He further explains:

Although quietude and calmness are necessary, it is the ‘nongraspingness’ of the mind that mainly constitutes the principle of ‘no-mindedness’. A gung fu man employs his mind as a mirror – it grasps nothing, yet it refuses nothing; it receives, but does not keep. As Alan Watts put it, no-mindedness is a ‘state of wholeness in which the mind functions freely and easily, without the sensation of a second mind or ego standing over it with a club’. What he means is to let the mind think what it likes without the interference by the separate thinker or ego within oneself. So long as it thinks what it wants, there is absolutely no effort in letting go, and the disappearance of the effort to let go is precisely the disappearance of the separate thinker.  (Little, 1996, p. 53)

Ultimately one should be ‘purposeless’. By purposeless is not meant the mere absence of things where vacant nothingness prevails. The object is not to be stuck with thought process. The spirit is by nature formless, and no ‘objects’ are to be stuck in it. When anything is stuck there, your psychic energy loses its balance, its native activity becomes cramped and no longer flows with the stream. But when there prevails a state of purposelessness (which is also a state of fluidity, empty-mindedness, or simply the everyday mind), the spirit harbours nothing in it, nor is it tipped in any one direction; it transcends both subject and object; it responds empty-mindedly to environmental changes and leaves no track. (Little, 1996 p.55)

From an understanding of this state, we might get to understand and be more able for heightened awareness and concentration, for concentration should not have the usual sense of restricting the attention to a single sense object; rather it is simply a quiet awareness of whatever happens to be here and now. Here we can refer again to Ruth Zaporah (1995): “Awareness comes with a quiet mind and body. Only a quiet mind listens. Only a quiet mind is free from impediments such as personal agendas, preferences, criticisms, ideas, opinions and thinking ahead. Just as a quiet mind listens, listening quiets the mind “ (p.36). If we stick to exactly what comes into our awareness, and not embellish it with meaning, we’re more likely to experience a fresh perception of constantly changing events. One of Action Theater’s objectives is to detail perception by expanding awareness. Real perception requires that one be attentive, alert, aware, and sensitive, from moment to moment.

We step into the unknown with awareness. We build survival skills with this awareness. Eventually, judgement vanishes and only inquisitiveness remains. We don’t need protection when there is no fear. Awareness itself is the protection. (Zaporah, 1995, p. 60

This awareness requires being in the here and now, and so fully experiencing moment to moment. We so might encounter the experience as it is, always fresh, and not blind ourselves with previous thoughts, knowledge, beliefs and expectations.

Thinking is too slow. When we’re thinking about the future moment, we’re thinking about what’s next. ‘Next’ is a thought. Whatever we think up lacks freshness. When we’re thinking – as opposed to listening to ourselves with less attachment and staying with each moment- we never get beyond ourselves and the familiar. (Zaporah, 1995, p.24)

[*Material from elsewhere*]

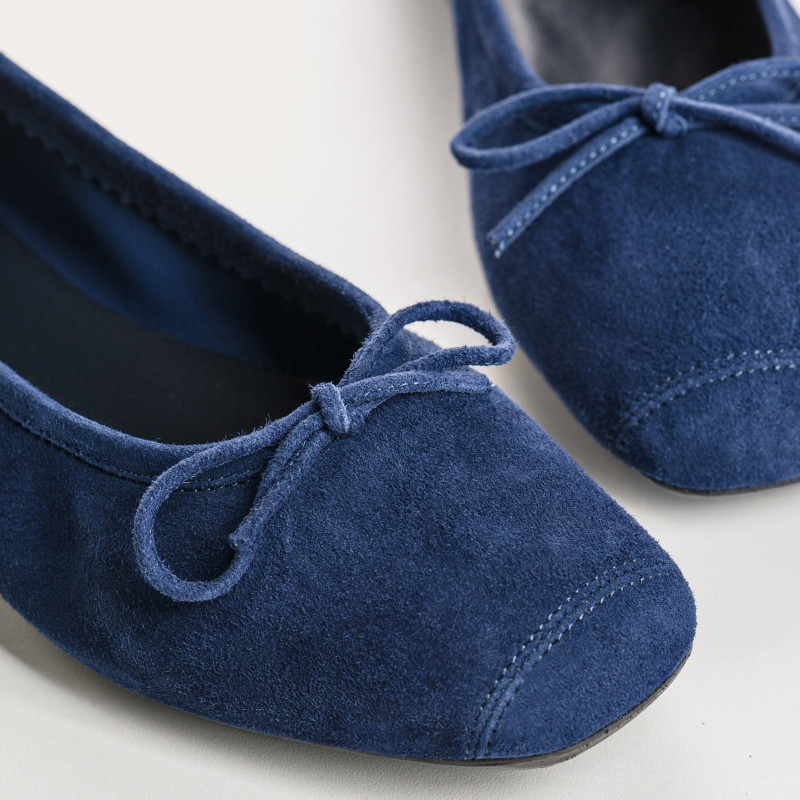 Ballerinas Flexible Leather Harmony: Premium Comfort and Elegance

This of course does not mean that we try not to think, as we human beings are constantly thinking. There is nothing bad about thought in itself. What we try in Action Theater, as in meditation, is to let thoughts pass, to accept them, but to not hold on them and so not to let them block us or blind us from what is actually happening, as for example in an improvisation.

We also will become more aware of ourselves in relation to our experience, realizing that experiences are to be experienced, they are not us, they simply pass through us.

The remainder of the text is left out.